Converters
The Synapse SDK provides comprehensive data format conversion utilities for computer vision datasets. These converters enable seamless transformation between different annotation formats commonly used in machine learning workflows.
Overview
The converter system supports bidirectional conversion between:
- DM Format - Synapse Data Manager's native annotation format (supports v1 and v2)
- YOLO Format - You Only Look Once text-based format
- COCO Format - Microsoft Common Objects in Context format (Coming Soon)
- Pascal VOC Format - Visual Object Classes XML format (Coming Soon)
All converters support both categorized datasets (with train/valid/test splits) and non-categorized datasets. Additionally, all converters now support single file conversion mode for processing individual files.
Supported Annotation Types
| Annotation Type | DM | YOLO | COCO | Pascal VOC |
|---|---|---|---|---|
| Bounding Boxes | ✅ | ✅ | 🔜 | 🔜 |
| Polygons | ✅ | ✅ | 🔜 | 🔜 |
| Segmentation | ✅ | - | 🔜 | 🔜 |
| Keypoints | ✅ | ✅ | 🔜 | 🔜 |
| Classifications | ✅ | - | 🔜 | 🔜 |
- ✅ = Supported
- 🔜 = Coming Soon
-= Not applicable for this format
YOLO Converters
FromDMToYOLOConverter
Converts DM format annotations to YOLO format with comprehensive annotation support.
Features:
- Supports bounding boxes, polygons, and keypoints
- Creates
dataset.yamlconfiguration file - Normalizes coordinates automatically
- Handles keypoint visibility flags
- Supports both DMv1 and DMv2 schemas
Usage:
from synapse_sdk.utils.converters import FromDMToYOLOConverter
from synapse_sdk.utils.annotation_models.dm import DMVersion
# Convert with all annotation types
converter = FromDMToYOLOConverter(
root_dir='/path/to/dm/dataset',
is_categorized=True,
dm_version=DMVersion.V2
)
converted_data = converter.convert()
converter.save_to_folder('/output/yolo/dataset')
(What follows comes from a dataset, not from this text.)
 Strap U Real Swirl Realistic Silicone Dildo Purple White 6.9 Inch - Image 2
# Convert non-categorized dataset
converter = FromDMToYOLOConverter(
root_dir='/path/to/dm/dataset',
is_categorized=False,
dm_version=DMVersion.V2
)
converted_data = converter.convert()
converter.save_to_folder('/output/yolo/dataset')
# Single file conversion
converter = FromDMToYOLOConverter(is_single_conversion=True)
with open('data.json') as f:
dm_data = json.load(f)
with open('image.jpg', 'rb') as img_file:
yolo_labels = converter.convert_single_file(dm_data, img_file)
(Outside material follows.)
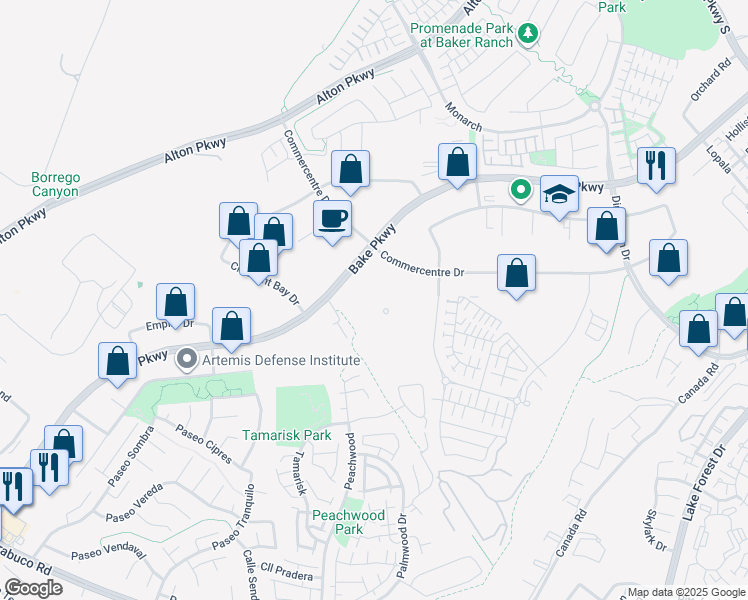 map of restaurants, bars, coffee shops, grocery stores, and more near 25510 Commercentre Drive in Lake Forest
Input Structure (Categorized):
dm_dataset/
├── train/
│ ├── json/
│ │ ├── image1.json
│ │ └── image2.json
│ └── original_files/
│ ├── image1.jpg
│ └── image2.jpg
├── valid/
│ ├── json/
│ └── original_files/
└── test/ (optional)
├── json/
└── original_files/
Output Structure:
yolo_dataset/
├── train/
│ ├── images/
│ │ ├── image1.jpg
│ │ └── image2.jpg
│ └── labels/
│ ├── image1.txt
│ └── image2.txt
├── valid/
├── test/ (if present)
├── dataset.yaml
└── classes.txt
YOLO Label Format Examples:
# Bounding box: class_id center_x center_y width height
0 0.5 0.5 0.3 0.4
# Polygon: class_id x1 y1 x2 y2 x3 y3 x4 y4 ...
0 0.1 0.1 0.9 0.1 0.9 0.9 0.1 0.9
# Keypoints: class_id center_x center_y width height kp1_x kp1_y kp1_v kp2_x kp2_y kp2_v ...
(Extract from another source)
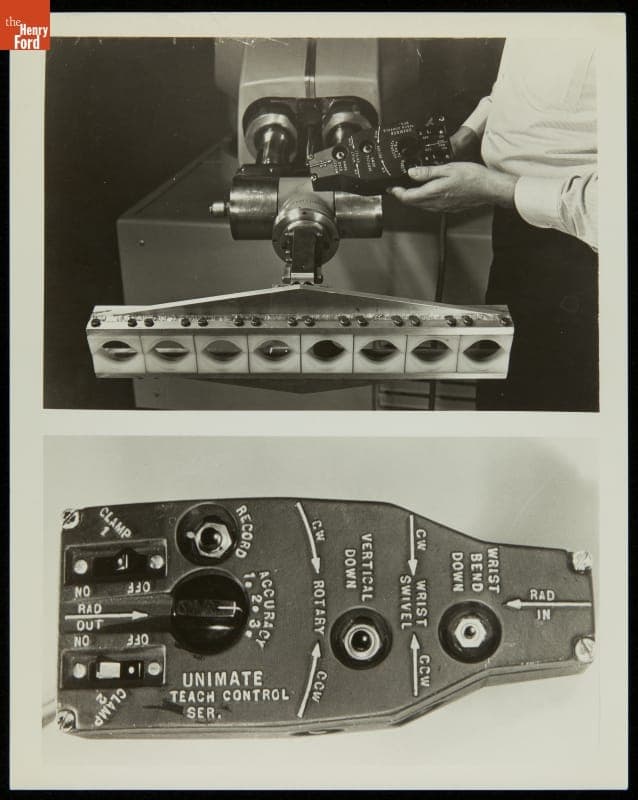 Images of Unimate Industrial Robot Teach Control, 1962-1975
0 0.5 0.5 0.3 0.4 0.45 0.3 2 0.55 0.3 2 0.5 0.7 1
YOLOToDMConverter
Converts YOLO format annotations back to DM format.
Features:
- Intelligent parsing of different YOLO annotation types
- Requires
dataset.yamlorclasses.txtfor class name mapping - Handles bounding boxes, polygons, and keypoints
- Automatically detects image dimensions
- Outputs either DMv1 or DMv2 schema
Usage:
from synapse_sdk.utils.converters import YOLOToDMConverter
from synapse_sdk.utils.annotation_models.dm import DMVersion
converter = YOLOToDMConverter(
root_dir='/path/to/yolo/dataset',
is_categorized=True,
dm_version=DMVersion.V2
)
converted_data = converter.convert()
converter.save_to_folder('/output/dm/dataset')
# Single file conversion with explicit class names
converter = YOLOToDMConverter(
is_single_conversion=True,
class_names=['person', 'car', 'bicycle']
)
label_lines = ['0 0.5 0.5 0.3 0.4']
with open('image.jpg', 'rb') as img_file:
result = converter.convert_single_file(label_lines, img_file)
Pascal VOC Converters
Pascal VOC converters are currently under development. The following documentation describes the planned API.
FromDMToPascalConverter
Converts DM format annotations to Pascal VOC XML format.
Planned Features:
- Converts bounding box annotations and segmentation masks
- Creates standard Pascal VOC directory structure
- Generates
classes.txtfile automatically - Supports both categorized and non-categorized datasets
Planned Usage:
# NOTE: This API is planned but not yet implemented.
# The following shows the expected interface once available.
from synapse_sdk.utils.converters import FromDMToPascalConverter
# Convert categorized dataset
converter = FromDMToPascalConverter(
root_dir='/path/to/dm/dataset',
is_categorized=True
)
converted_data = converter.convert()
converter.save_to_folder('/output/pascal/dataset')
Output Structure:
pascal_dataset/
├── train/
│ ├── Annotations/
│ │ ├── image1.xml
│ │ └── image2.xml
│ └── Images/
│ ├── image1.jpg
│ └── image2.jpg
├── valid/
├── test/ (if present)
└── classes.txt
PascalToDMConverter
Converts Pascal VOC XML annotations to DM format.
Planned Features:
- Parses Pascal VOC XML files
- Flexible directory naming (supports Annotations/annotations, Images/images/JPEGImages)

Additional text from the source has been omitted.